It has also emerged the Invercargill City Council has no record of the columns being checked after the collapse of Stadium Southland.
The four Dee St columns, along with other constructions, should have been inspected in 2014, after their design engineer, Tony Major was expelled from the Institute of Professional Engineers for his part in the Southland Stadium collapse in 2010.
The council was now working to confirm if an assessment was completed after 2014.
Mr Clark said earlier this month he had been advised the pillars were a possible earthquake risk.
They were potentially under the earthquake prone (National Building Standard Code) level of 34%.
Council infrastructure group manager Erin Moogan said, when contacted, assessments of the four columns on Dee St had recently been undertaken as part of the Wachner Pl/Esk St West consultations.
Ms Moogan said they were waiting to hear back from a structural engineer before it made "an informed decision about how to proceed".

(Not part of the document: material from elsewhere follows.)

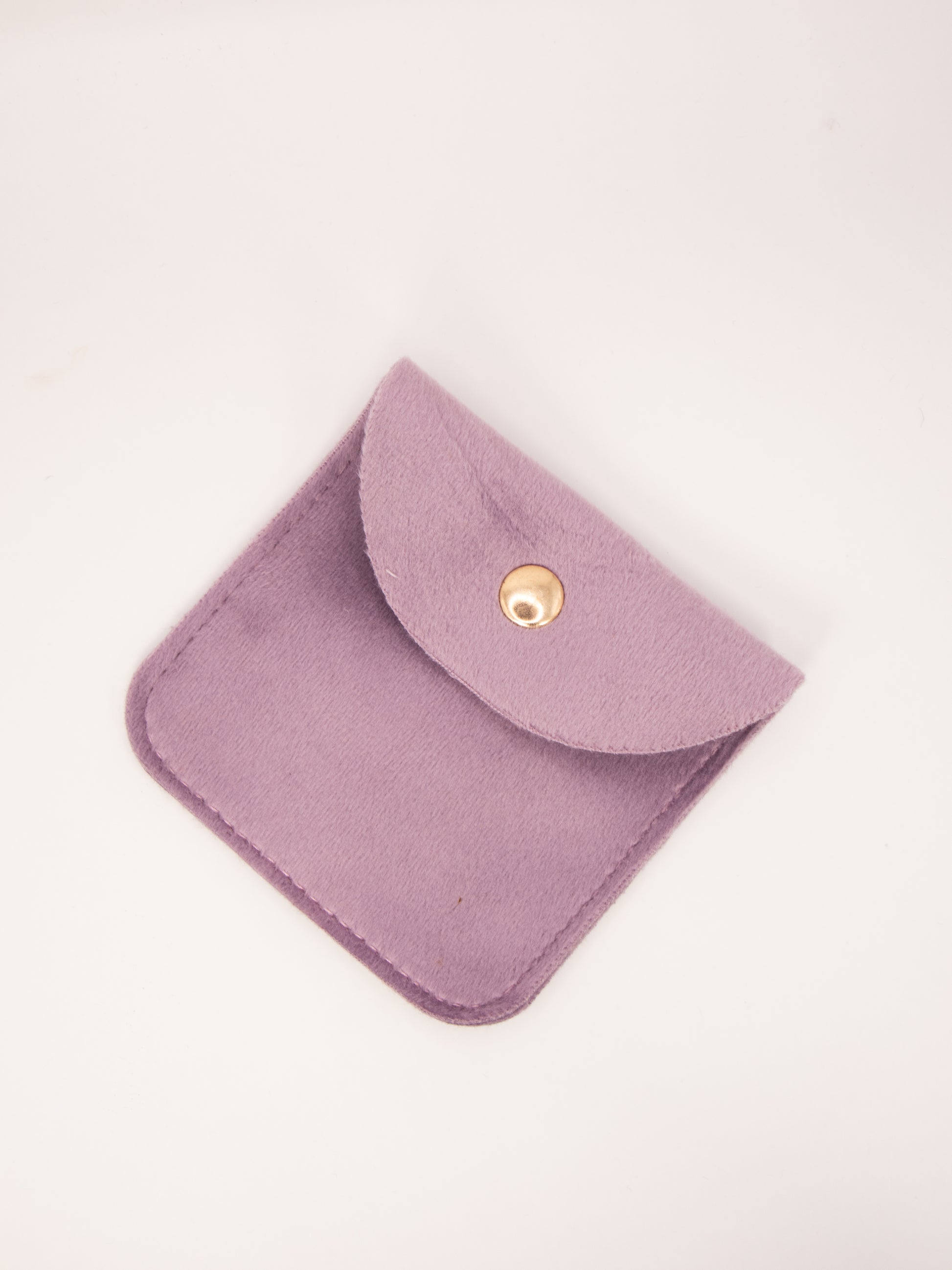 Purple fabric pouch with a gold button on a light pink background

Invercargill architect Bob Simpson contacted the Otago Daily Times and said he believed the council raising doubts about the columns’ structural stability was rushing a problem which could lead to cost overruns.

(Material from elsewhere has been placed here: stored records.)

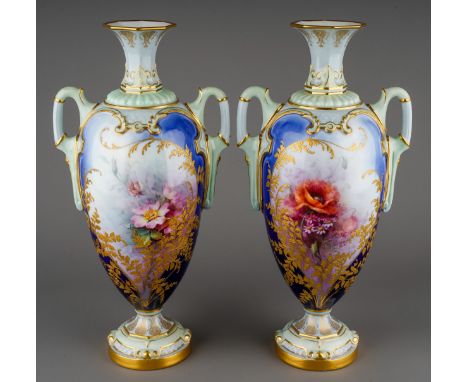 A pair of early 20th Century Royal Worcester vases, shape no: 2256, with flared octagonal necks, the white ground with gradua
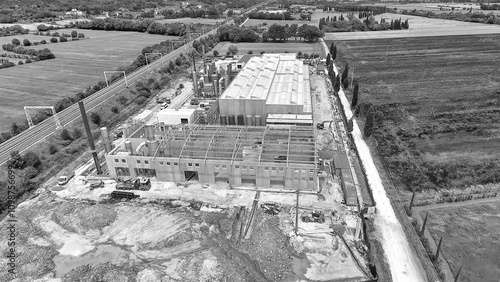 Early Construction Phase with Workers and Equipment on Site photo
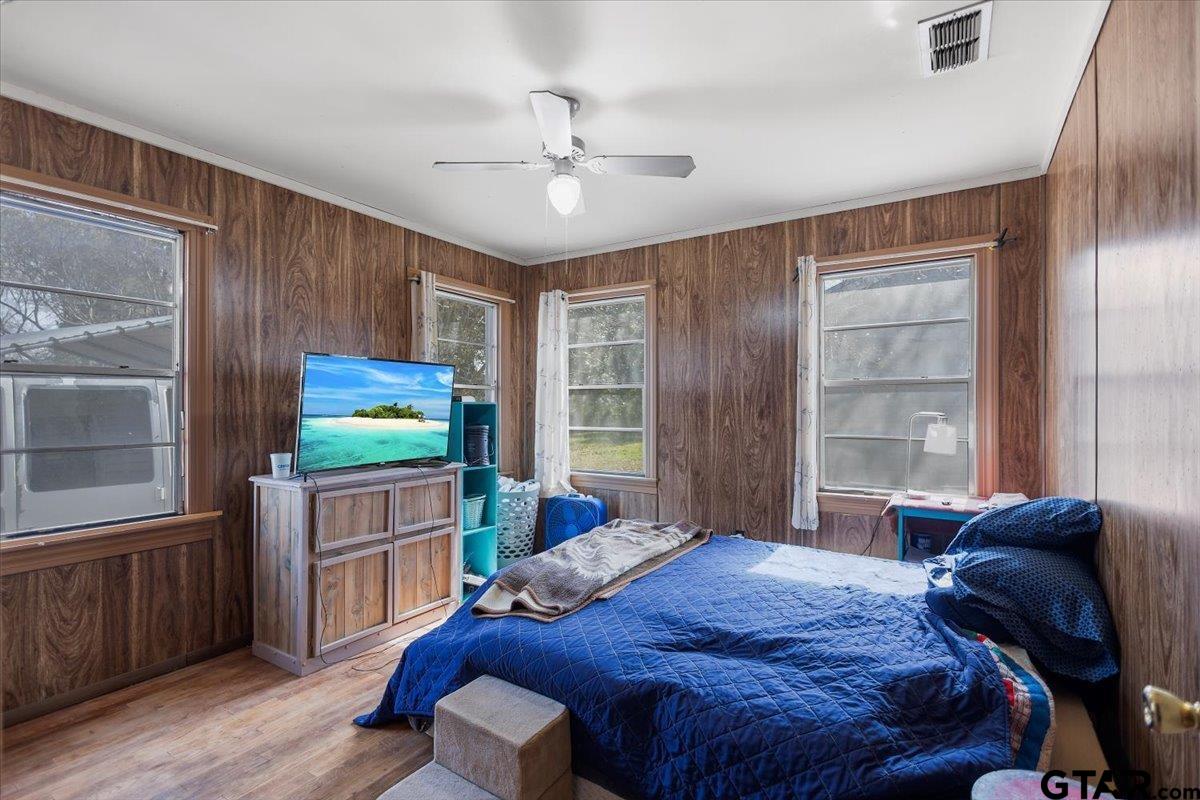 1706 Baxter Avenue Longview, TX 75602 - Photo 2 of 32 a bed room with a bed and a window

He had seen the original design drawings and in his opinion the columns were safe.
The columns had substantial foundations that were more than compliant with earthquake and building codes, and post-structural strengthening would not be difficult if it was needed, he said.

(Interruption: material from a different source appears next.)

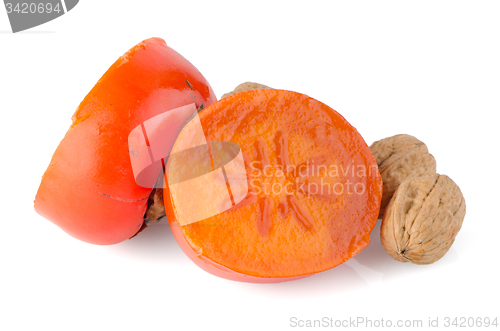 Image of Ripe persimmons and nuts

One report said the geotechnical conditions were adequate, and above the earthquake risk of 67% National Building Standards.
He conceded Wachner Pl had not worked well as a public space, but believed Mr Clark was rushing things.
"Rushing projects has its own risks, including not defining the problems well, not providing good lasting solutions, not completing projects on time and having major costs overruns."
The mayor was causing unnecessary fear, Mr Simpson said.
He did not see the point in demolishing structures unless there was a good reason.
"Otherwise, we wouldn’t have any historic buildings around anywhere ... and columns are very much a part of our heritage ... it’s a Celtic and Scottish thing," he said.
"You don’t demolish things for the sake of it.
"It seems to me they haven’t been really considered as part of our urban landscape. I can’t think of any practical reason why they should be removed."